## Requirement
Transcribe nothing except the lines below that run from the one with "Maxi Dress French" to the one with "高品质五角星毛衣男加厚潮流社", ends included, and do not copy any picture.

## Input
++++++

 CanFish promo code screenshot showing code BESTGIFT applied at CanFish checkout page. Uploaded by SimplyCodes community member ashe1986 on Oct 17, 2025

++++++

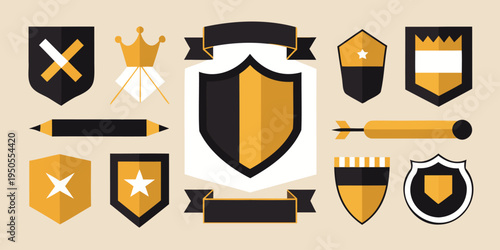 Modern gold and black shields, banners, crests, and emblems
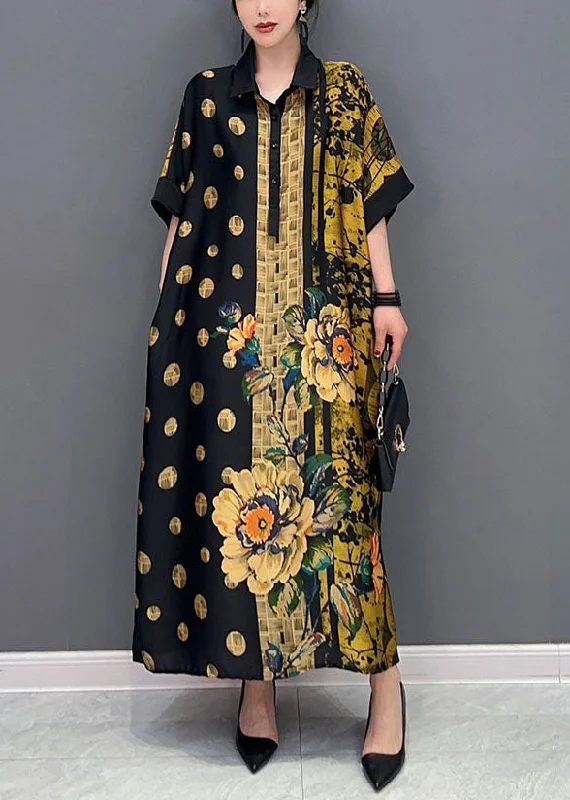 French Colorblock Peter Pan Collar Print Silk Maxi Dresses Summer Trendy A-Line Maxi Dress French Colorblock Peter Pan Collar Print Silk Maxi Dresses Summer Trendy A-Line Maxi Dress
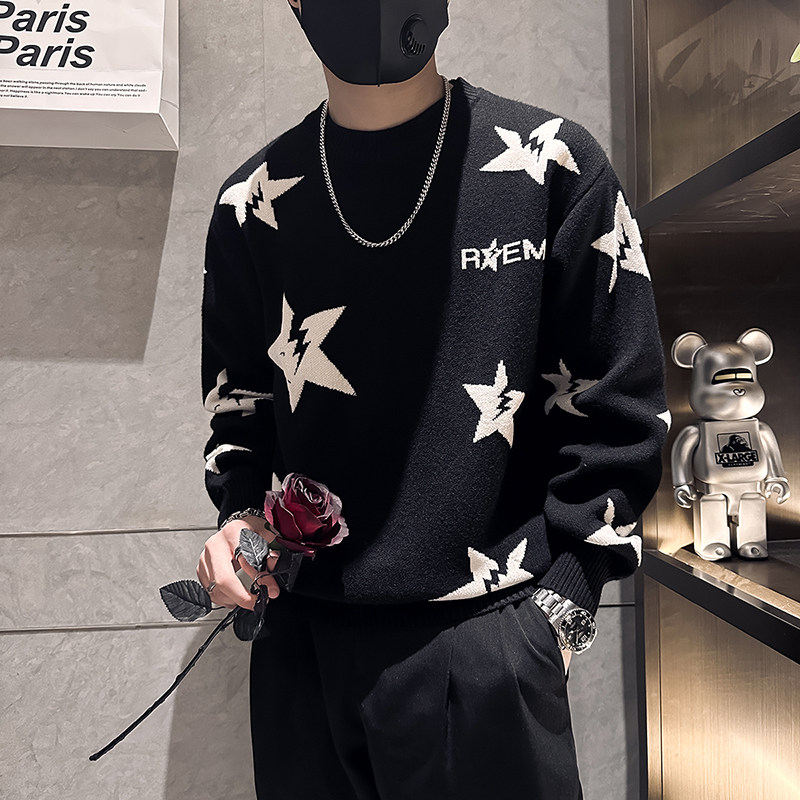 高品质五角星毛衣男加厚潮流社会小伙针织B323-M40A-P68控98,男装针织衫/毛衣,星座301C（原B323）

++++++

## Your solution
 French Colorblock Peter Pan Collar Print Silk Maxi Dresses Summer Trendy A-Line Maxi Dress French Colorblock Peter Pan Collar Print Silk Maxi Dresses Summer Trendy A-Line Maxi Dress
 高品质五角星毛衣男加厚潮流社会小伙针织B323-M40A-P68控98,男装针织衫/毛衣,星座301C（原B323）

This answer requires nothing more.